Monday, January 20, 2014

Adventures in Healing: Therapy, Physical and Mental

Since this past Thursday, my life has been filled with therapy. On the physical side, I saw a physical therapist for the first time on Thursday afternoon. I really like my physical therapist and I'm looking forward to spending afternoons with her trying to get my foot to move. She's funny, interesting (she's climbed Mt. Rainier), and she knows how to challenge me to move. All of this after one hour-and-a-half session. They're not supposed to be that long, but she wanted to see what I am currently capable of. She put me on a stationary bike and I rode for 10 minutes, going one full mile. It felt so good to get my right leg moving again. This progress is promising, but there are things that I can't do and it frustrates the shit out of me.

I would like all of you to try an experiment with me. Sit on a chair, or bed, or Delorean, with your knees at a 90 degree angle. Place an old towel under your feet and try to scrunch the towel with your toes. Don't move your feet. Just using your toes, try to gather the towel. Pretty simple right? I mean, it's a little difficult, but it's the same type of movement you would use to pick up a pencil that you may have dropped when your skirt is just a little to short to actually allow you to bend over and pick it up, so you have to use your toes.

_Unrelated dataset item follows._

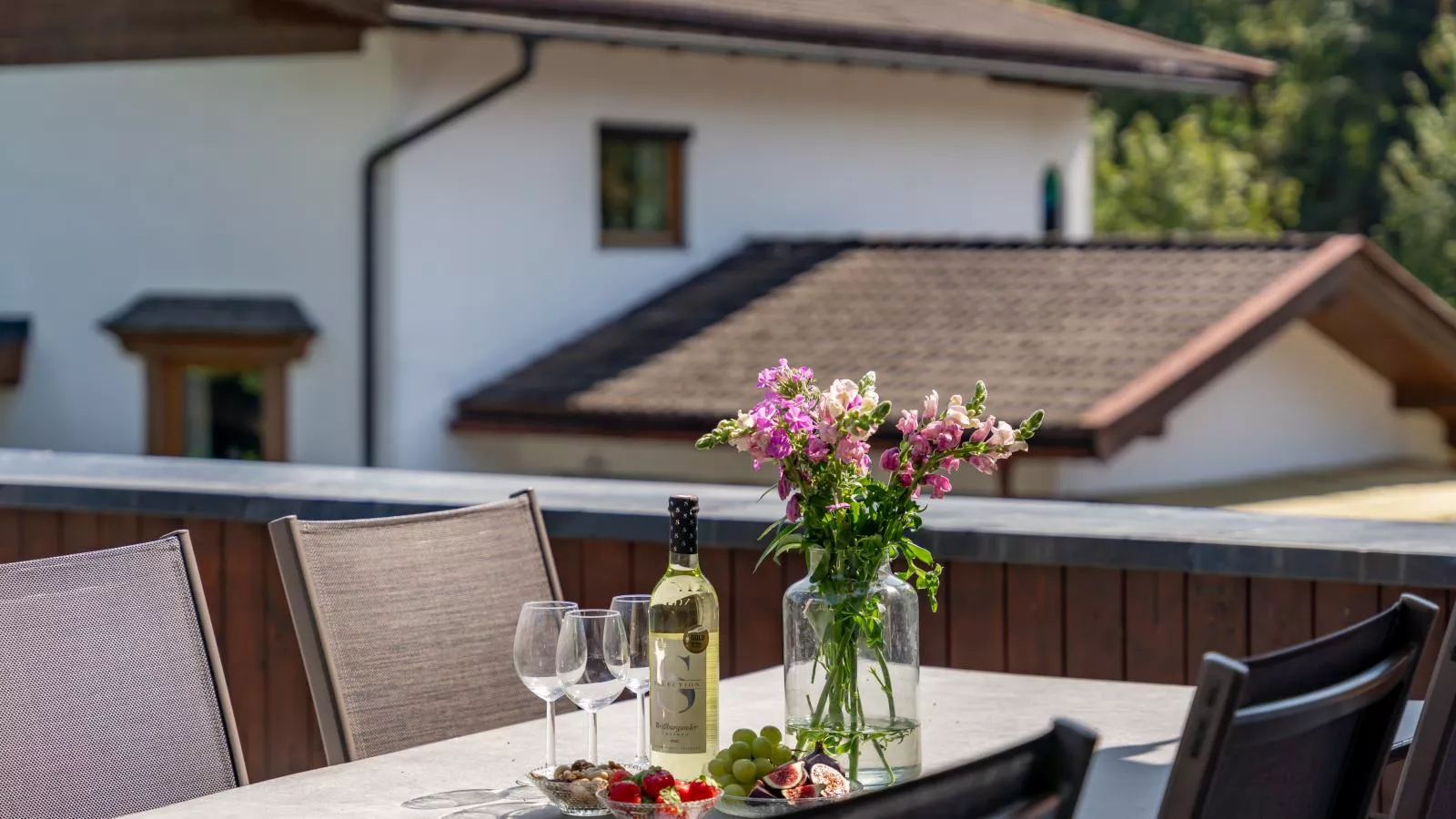 Wald TOP 2-Terrace balcony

That movement, the act of wiggling your toes... I can't do that. My left toes can, no problem. But my right toes don't want to move. I can stare at them and I can yell at them and I can use The Force, but they still don't move. They can't. They have forgotten how. It is as if the tendons have fallen asleep and stiffened and need woken up and massaged again. When I do move my toe, my big toe in particular, a searing pain shoots up the back of my leg from my Achilles tendon. The first time it happened at my physical therapy session, I yelled so loud that I scared both myself and my therapist. All we could do was laugh for three minutes straight. It hurt, but it was funny. My brain wanted so badly to move that damn toe, but it couldn't. And when it finally did it shocked my entire body from toe to head.

It's kind of like this... http://www.miramax.com/watch?v=ljMjZyZDqY2nCeRVUVuDDsKcCDerL0YK

That's the physical side of my therapy. I am going once a week for the month of January, then when I get more movement in my foot, I will go more often. My goal is to be walking by my birthday, March 27th. I can do this.

The mental and emotional side of my therapy:

As I've written before, I am using my down time to write. I put aside my novel for a couple of weeks to work on a screenplay that I've been writing and re-drafting and re-writing since 2011. It has gone through numerous small rewrites, and four large ones, where I did an entire overhaul and replaced everything with new scenarios, dialog, and even characters. I had planned on rewriting this baby this year, but not until late winter/early spring. AFTER I had finished my novel. But along came a screenwriting competition and after a week of thinking about it, I decided to just go for it. So, for two weeks I have been working on the fourth draft of my screenplay. And tonight, after allowing Husband and two friends to read it, I submitted it to the competition.

As soon as I hit the submit button I started to cry. This story is something that is very dear to my heart and I have had an incredibly difficult time writing it the way that it needs written. I was afraid of the story and afraid to see the depths that it could take me. But with the help of my characters, my husband, and my friends urging me forward, I finally completed my script. It's not perfect - nothing can ever be perfect. But it is done.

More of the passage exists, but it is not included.